━━ Data section
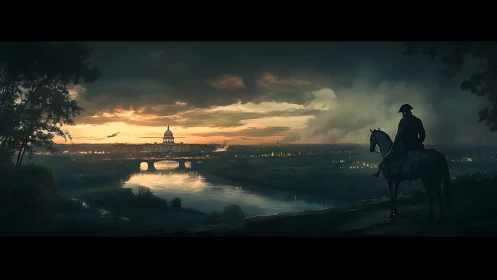 Silhouetted rider observes illuminated city across river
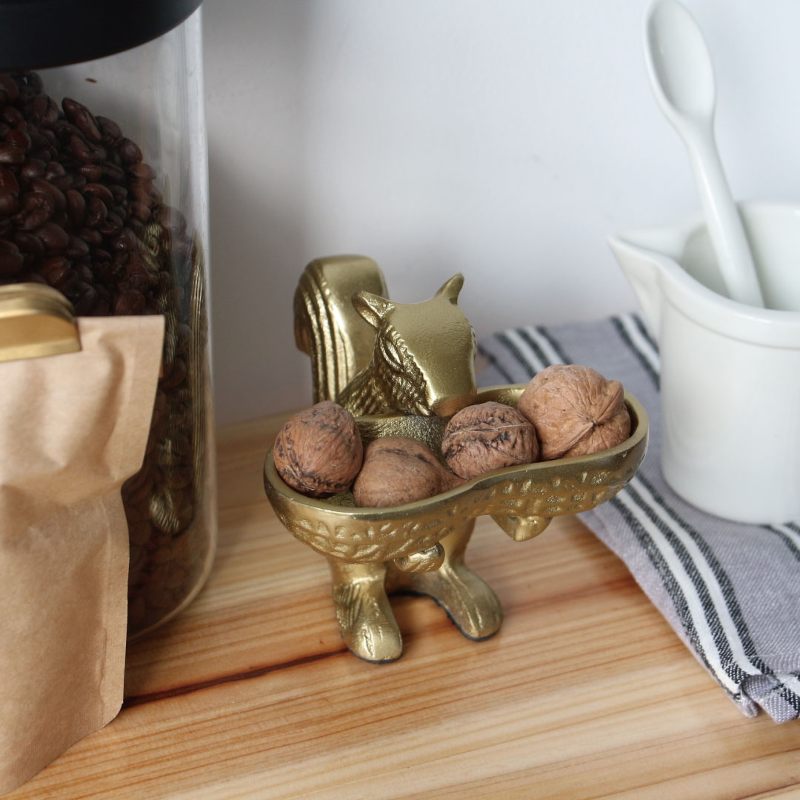 アルミ トレイ 小物入れ リス Squirrel & Nuts Gold ゴールド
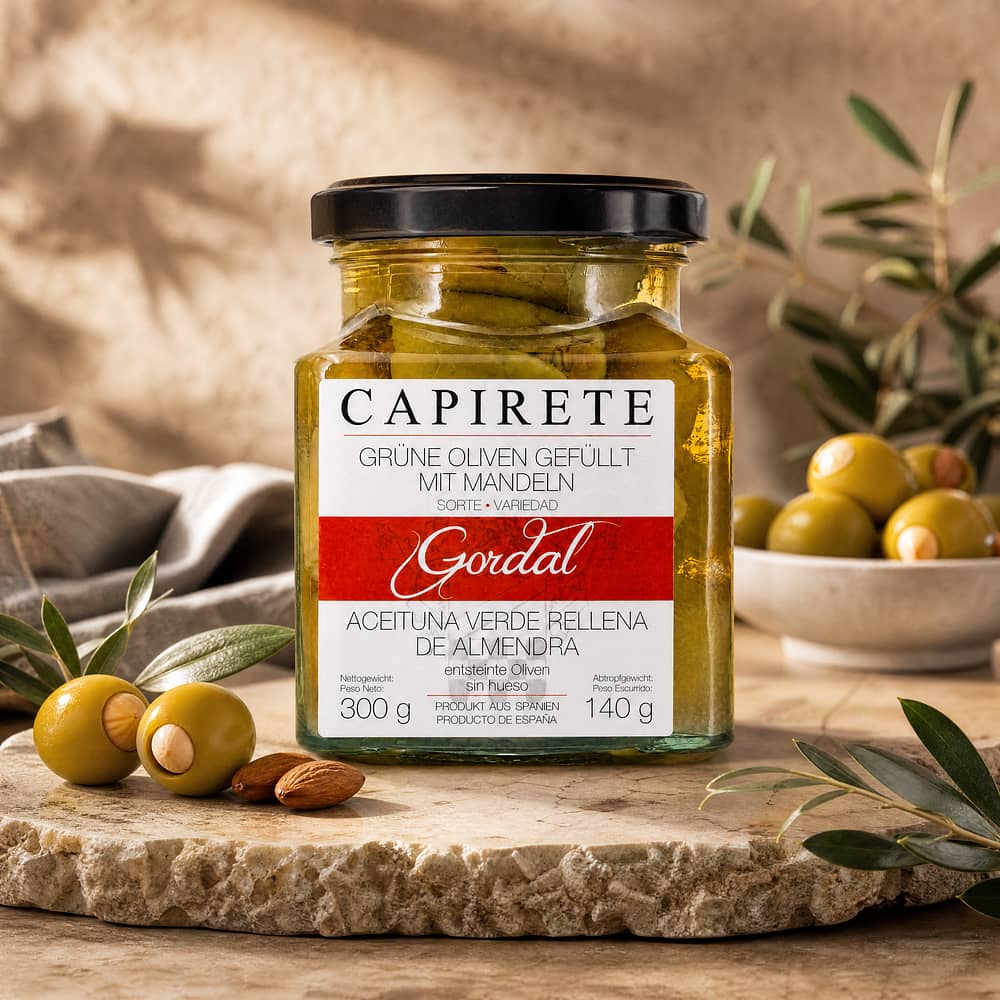 Capirete Gordal grüne Oliven mit Mandeln 300g 140 Gramm Abtropfgewicht Produktbild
━━━━
● **Exercise requirements**:
Please print the entire listing again exactly, minus its images.

● **Solved exercise**:
 Silhouetted rider observes illuminated city across river
 アルミ トレイ 小物入れ リス Squirrel & Nuts Gold ゴールド
 Capirete Gordal grüne Oliven mit Mandeln 300g 140 Gramm Abtropfgewicht Produktbild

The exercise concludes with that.